## YOUR INSTRUCTIONS
The whole listing should be retyped word for word, apart from the pictures it holds.

## MATERIAL PROVIDED

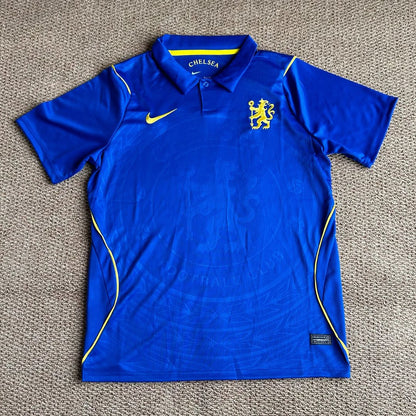 Maillot Domicile Chelsea 2026/27
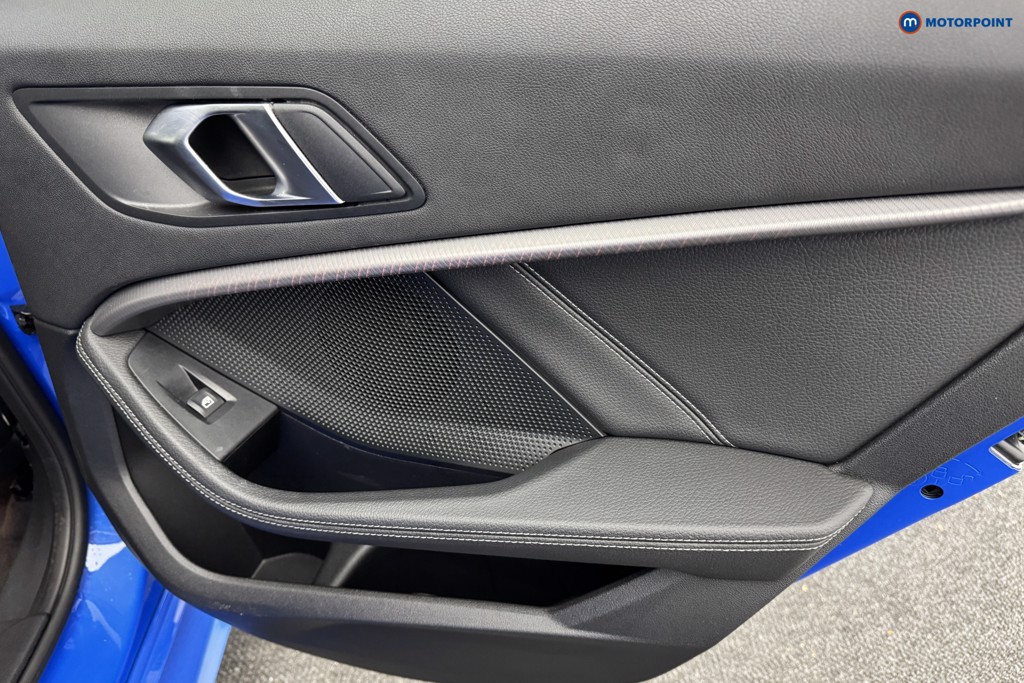 BMW 1 Series M Sport Automatic Diesel Hatchback - Stock Number (1578300) - 27th supplementary image
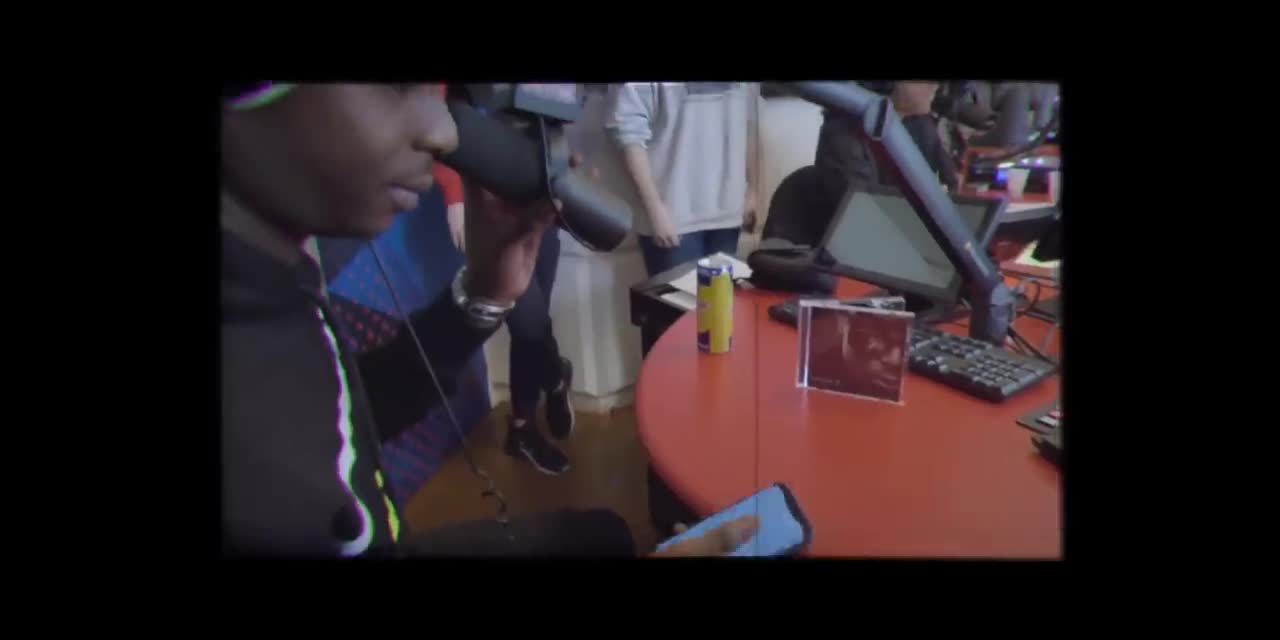 Ninho - Lettre à une femme
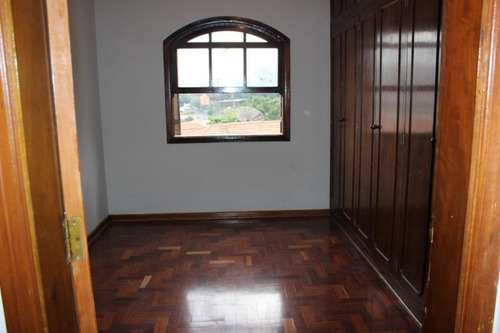 Sobrado Com 3 Dormitórios À Venda, 146 M² Por R$ 870.000 - Jardim Peri Peri - São Paulo/sp - 14608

## ANSWER SPACE
 Maillot Domicile Chelsea 2026/27
 BMW 1 Series M Sport Automatic Diesel Hatchback - Stock Number (1578300) - 27th supplementary image
 Ninho - Lettre à une femme
 Sobrado Com 3 Dormitórios À Venda, 146 M² Por R$ 870.000 - Jardim Peri Peri - São Paulo/sp - 14608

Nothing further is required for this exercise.